Kontribusi Hermeneutika Kritis Terhadap Keislaman

Perlu kita sepakati bersama apa yang dimaksud dengan tradisi dan otoritas di dalam
Islam. Al-Qur’an dan Hadis merupakan epistemologi Islam dalam bentuk otoritas, tetapi Al-
Qur’an tidak bisa berbicara kepada kita sendiri kecuali disampaikan oleh Nabi, dalam hal ini
yakni Muhammad S.A.W. namun, pasca Nabi wafat ilmu-ilmu keislaman berkembang
dengan pesat seperti ilmu tafsir, ilmu hadis, fiqh dan ushul fiqh dan lainnya.
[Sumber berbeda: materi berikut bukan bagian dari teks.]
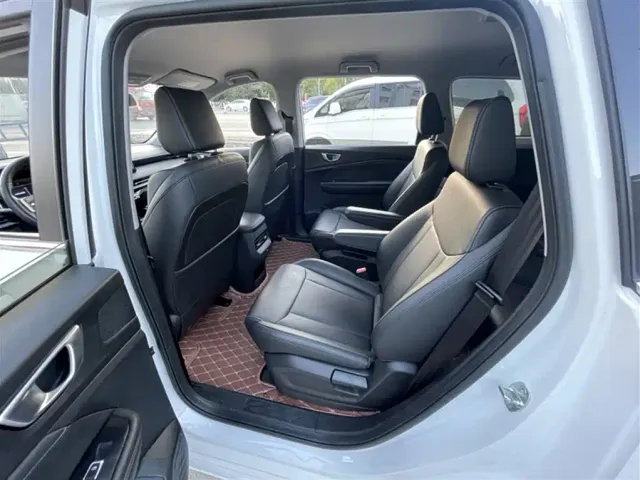 Wuling Jiachen — Фото автомобиля 19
Yang bisa ditawarkan dari hermeneutika kritis adalah konsepnya tentang refleksi
kritis terhadap otoritas dan tradisi. Misalnya pemahaman umat Islam terhadap Al-Qur’an saat
ini sering hanya terpaku terhadap suatu bentuk otoritas saja. Hal ini jika dibiarkan dapat
menyebabkan kemandekan berpikir yang berakibatkan kepada lambannya umat Islam
merespon terhadap berbagai permasalahn yang muncul di era modern ini.

Jika kita menggunakan hermeneutika kritis maka kita bisa menghasilkan pengetahuan
yang baru yang terbebaskan dari tradisi-tradisi terdahulu yang bisa dikatakan “ketinggalan
jaman”. Hermeneutika kritis ini bersifat dialektis, dimana subjek dan objek sama-sama
menghasilkan wacana yang dengannya tercapai kesepahaman. Tidak ada dominasi dalam hal
ini, karena keduanya saling mengajukan pemahaman-pemahaman.

Terlebih dalam studi Al-Qur’an, dalam hal ini ilmu tafsir. Yang bisa dikenakan krtik
bukan isi Al-Qur’an itu sendiri, melainkan pendapat para mufassir yang selama ini seringkali
dilanjutkan pemikirannya bahkan dianggap benar semua. Di sini lah hermeneutika kritis
beraksi, kita harus bisa terlepas dulu dari tradisi-tradis para mufassir ini, kemudian lakukan
refleksi kritis terhadap isi tafsir, jika dirasa tidak relevan dengan konteks masa kini maka
harus kita adakan evaluasi terhadap itu.